As part of the submission of the technical documentation of a medical device for review as part of the CE marking, the manufacturer should not have launched the submission of the technical documentation (and contractualization) with any other Notified Bodies for that specific medical device.
Nevertheless, in the case of products in different categories (e.g. inhalators, and wound dressings), a legal manufacturer would have the freedom to contractualize with different Notified Bodies for each category.
VII. Can I transfer my products to another entity?
For medical devices, the “transfer process” is understood as transferring a CE certificate issued by a Notified Body to another Notified Body, without starting over the certification process, but without bringing any other changes to the CE certificate.
In those cases, a tripartite agreement is highly recommended with the current Notified Body, the selected Notified Body to transfer the CE certificate to, and the Legal Manufacturer. Thus, there would not be any overlap of the regulatory clearance of the medical devices to remain on the market. also, the discussions could cover the leftover transition where devices with the CE of the previous Notified Body could still be on the market (up to six months) before bearing the new CE of the new Notified Body.
The process of transfer may be billed at a different rate by Notified Bodies. Naturally, there are specific conditions for a Manufacturer to be eligible to use this process:
- The certificate should not be suspended.

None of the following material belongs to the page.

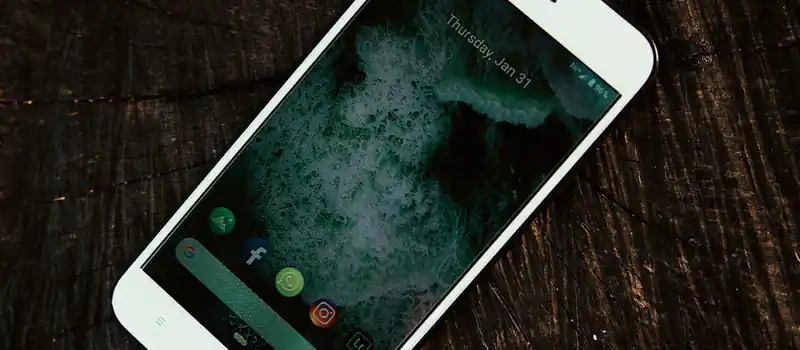 A close-up shot of a smartphone displaying social media app icons, showcasing modern connectivity.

- The expiration of the certificate should not occur within the six months before the transfer could occur.
- No major complaints or vigilance events since the last certification audit.
Note: as part of the requirements of the Regulation (UE) 2017/745, each Notified Body designated according to this Regulation, should made publicly available, the description of the application procedure by which manufacturers can obtain certification from it, including fees charged for specific conformity assessment activities and any other financial conditions relating to their assessment.

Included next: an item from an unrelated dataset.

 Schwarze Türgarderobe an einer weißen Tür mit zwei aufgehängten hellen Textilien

VIII. Is there a best-Notified Body?
Different reasons should come into consideration in the process of selecting a Notified Body (in addition to the prerequisites listed in the above sections). Besides the more technical related aspects, the language used for your Technical Documentation (and quality management system) could be a factor to consider for the ease of the Notified Body to assess the documentation.

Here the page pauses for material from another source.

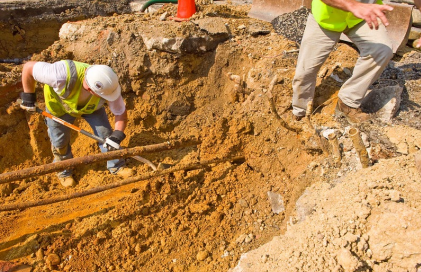 a man digging around some underground pipes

Whereas we always speak of Notified Bodies able to issue CE Certificates, those bodies could be involved to issue opinions on the device part of a specific type of combination product prior to the submission for the medicinal marketing authorization of the medicinal product. Indeed, Article 117 of Regulation 2017/745 is amending Directive 2001/83/EC by adding this distinct step for a category of products. This reinforces strategic considerations for the selection of Notified Bodies which should be selected on the level of their expertise for the device part which will operate as a container closure system or delivery system of the combination products.
Lastly, when planning an expansion to other geographical areas and particularly to Canada, you may like to consider a Notified Body also designated into the Medical Device Single Audit Program (MDSAP). The list of Recognized Auditing Organizations to conduct audits and issue MDSAP certificates can be found on the FDA website (a few European Notified Bodies engaged in this program since its launch: e.g. DEKRA Certification B.V, NSAI, DQS Med, etc).